CS246 [Winter 2010] Assignment 6.
Version V0.1
5 Mar 2010
Version V0.2 23 Mar 2010
Clarified what .cpp files to turn in.
Now required to use provided .h files. Corrected spelling of tokenstream
to tokenlist. Clarified that
tokenlist.cpp is to be written.
Version V0.3 23 Mar 2010
Documented that token.cpp should be turned in.
Version V0.4 26 Mar 2010 The start-up files now contain a version of binrel.cpp which you can use (notably
if you do not have binrel.cpp from previous assignments.)
Version V0.5 27 Mar 2010
Flexibility
on binrel.h and binrel.cpp. You can use
your own version of binrel.h and binrel.cpp or the ones in the start-up files. If you use your own version, they must be
essentially the same, in terms of their operation, as the ones from any previous
assignments.
Overview. In this
assignment you are to write an interpreter that executes programs written in a
simple language called the BR (Binary Relational) language that supports
operations on binary relations. Each
binary relation is a set of pairs of strings.
Following is an example program written in BR. (This language does essentially the same
thing as the relational calculator in a previous assignment.)
As will be
explained below, you are also to write an “unscanner” (explained below).
Purposes. This
assignment gives practice in using STL maps and vectors; also re-use of a class (binrel); also inheritance (in the token class); also program composition (building “br” out
of “scan” and “go”, described below).
The BR language. Here is
an example program in the BR language.
See the comments for explanations.
(BR does not support comments.)
var love binrel; //
Declare the “love” binary relation variable; set it to empty
insert (love, “Bob”, “Jane”); //
Insert a pair into the “love” relation
insert (love, “Jane”, “Fred”); //
So now Bob loves Jane and Jane loves Fred
var like binrel; //
Declare “like”
insert (like, “Bob”, “George”); //
Insert pair into “like”
insert (like, “Bob”, “Jane”); //
So now Bob likes George and Jane
var likeOrLove binrel; //
Declare “likeOrLove”
likeOrLove = like + love; //
“likeOrLove” becomes the union of “like”
and “love”
output likeOrLove; //
Print the “likeOrLove” relation
var attract binrel; //
Declare the “attract” relation
attract = like – like * love;
// Assignment to “attract”. Note
that “-” is done after “*“
output attract; //
X attracts Y == X likes Y unless X likes someone who loves Y
A variable
must be declared before being used (DBU).
A newly declared variable is implicitly set to the empty relation
(containing no pairs). A variable (with a
particular name) should not be redeclared.
Variables
are assigned values using the assignment operator “=”.
The insert
statement takes as arguments (in parentheses) a binary relation variable and two
quoted strings (surrounded by double quotes), containing no escaped characters,
and inserts the two as a pair into the variable.
The
right-hand side of an assignment is an expression that consists of variables
such as “like” and “love” combined using the operators +, - and * (union,
subtraction and composition i.e. join) and grouped using parenthesis, “(“ and
“)”. Like languages such as C++, the “*”
operator has higher precedence that “+” and ”-“. These two, “+” and “-“ are evaluated from
left to right.
The
”output” statement has one argument (not in parentheses) which is a binary
relation variable.
Scanner.
To make
things easier, you will be given a scanner named “scan” (which you are to use)

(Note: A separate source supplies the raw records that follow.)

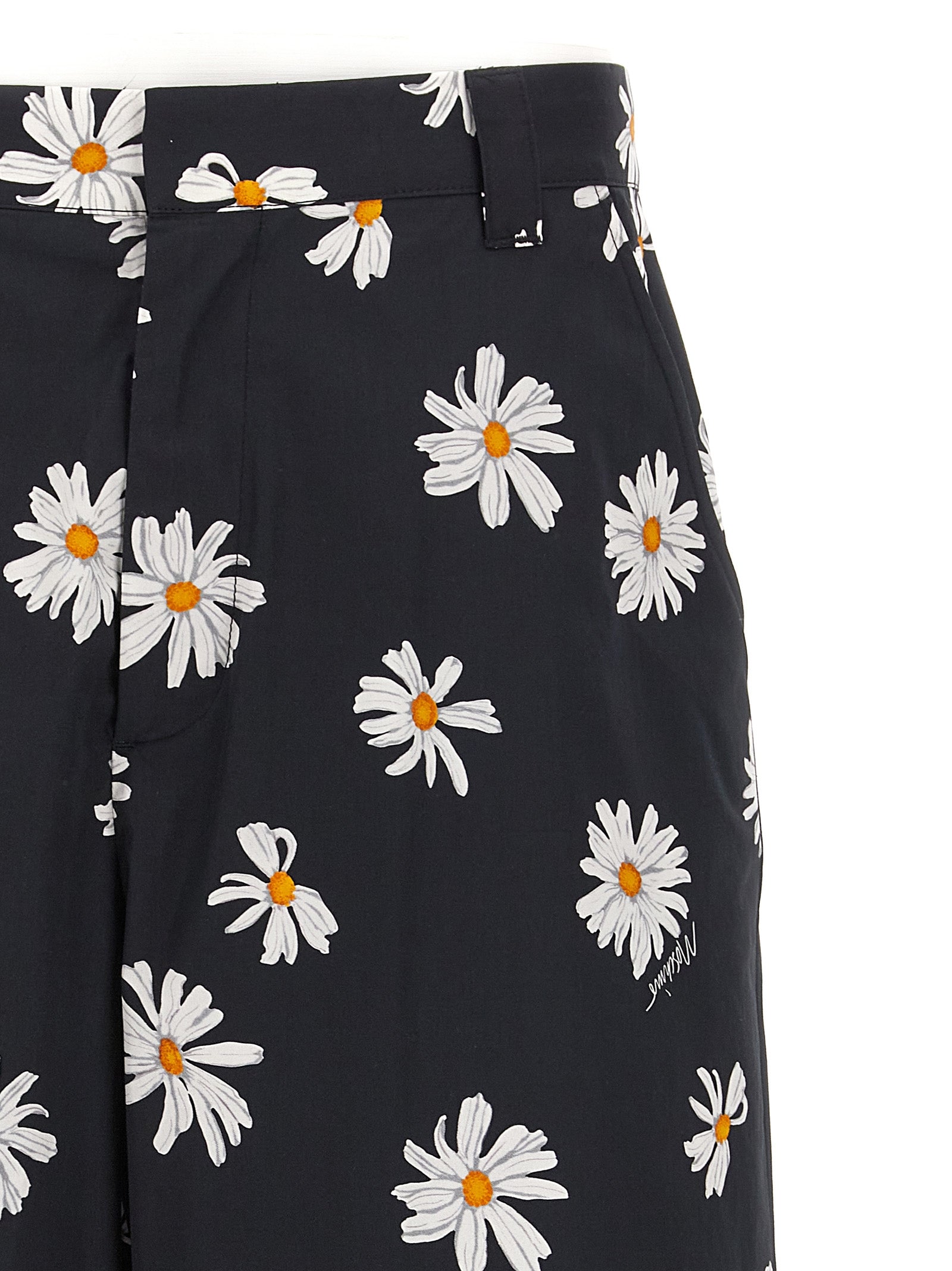 Black Cotton Bermuda Shorts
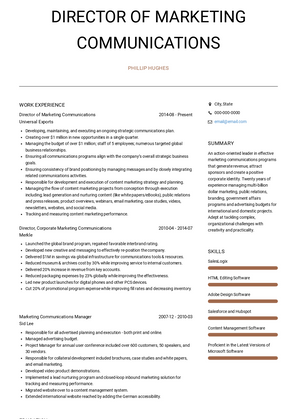 Director of Marketing Communications Resume Sample and Template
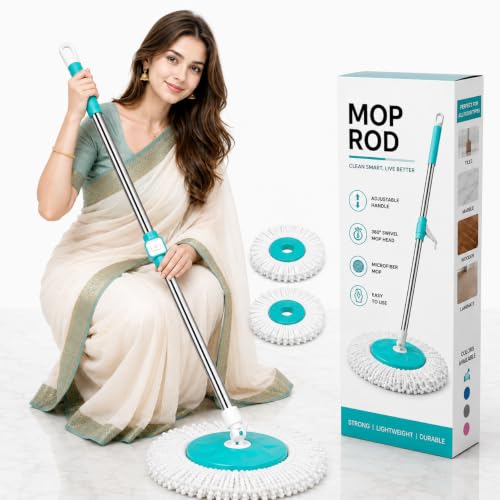 Image of Mi|Ton Spining Mop Set | Adjustable Mop Rod for Floor Cleaning | Stainless Steel Handle & 2 Microfiber Refills ,Easy to fit &use for All Types of Mops - ( C-Green )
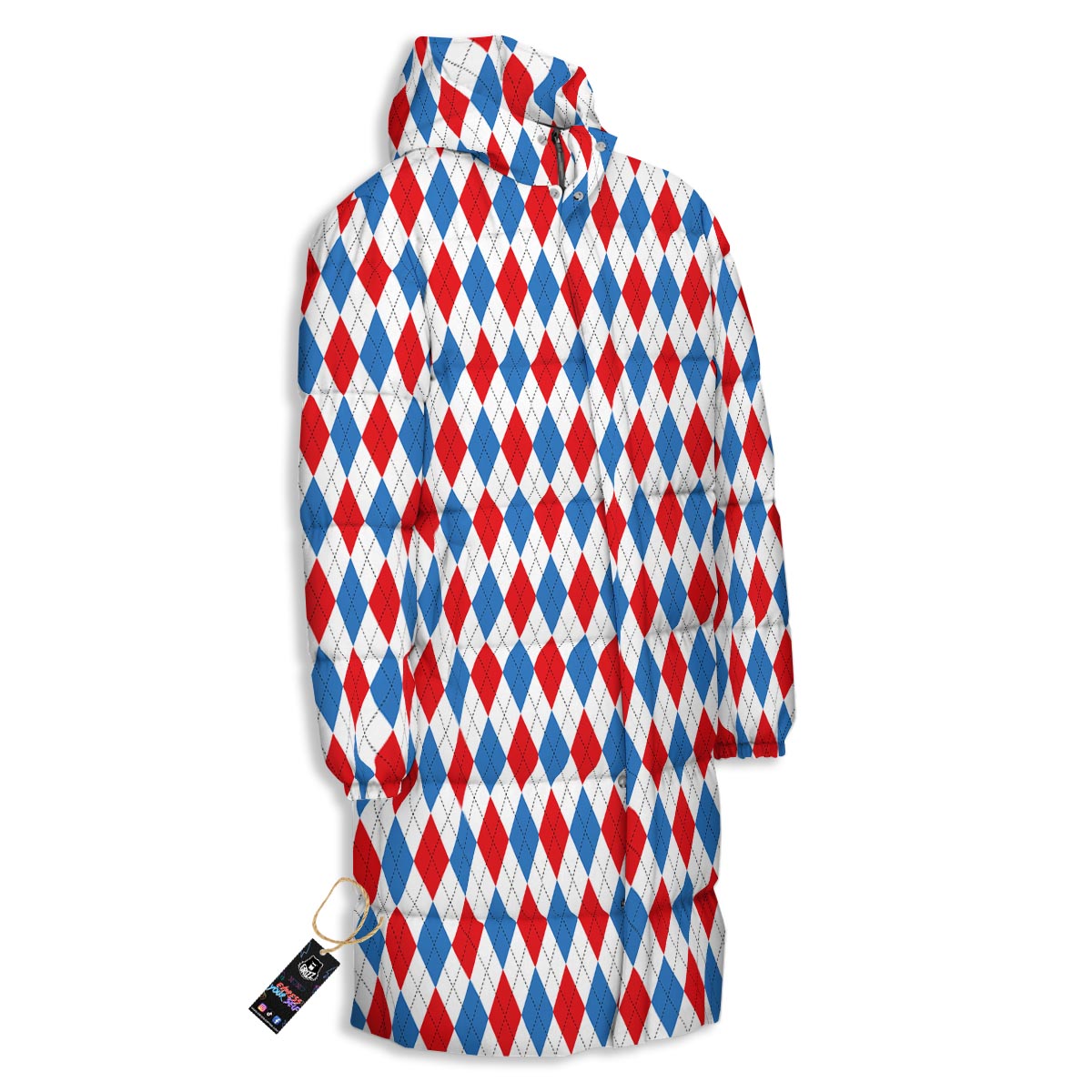 White Argyle And Blue Red Print Pattern Long Down Jacket-grizzshop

which reads BR programs and breaks them up into tokens. When the scanner reads the above program, it
outputs the following token stream (not including the comments).
x:var // Identifier token var
x:love // Identifier token love
x:binrel
; // Semicolon token
x:insert
( // Left parenthesis token
s:love
,
“:Bob // String token Bob
... ... .. //
etc, more tokens here ending with the following
x:output
x:attract
;
E // End of file token, represented as capital E
As illustrated above, each line output by the scanner represents one token. Each token can be simple in which case it represents its own value, such as semicolor “;” or left parenthesis “(“. The token can also be compound, as in x:var (x means it is an identifier and “var” is its value) or “:Bob which represents a string whose value is “Bob”. In a compound token, a colon separates the token type (such as “x”) from its value (such as “var”). The final token E is not directly derived from the program, but rather is added to the end of token stream by the scanner for convenience. We assume that strings do not contain escapes, i.e., no use of backslashes. As output by the scanner, each token (include the end of file token E) is on a separate line, that is, each ends with a newline character. The language has no comments, so no // comments.
The scanner can be used for languages other than BR. As a result, some tokens, such as >>, may be recognized by the scanner, but not accepted by your interpreter. This does not cause problems. When >> is (erroneously) part of the BR program, it is scanned without error message, but it will cause a syntax error in the interpreter.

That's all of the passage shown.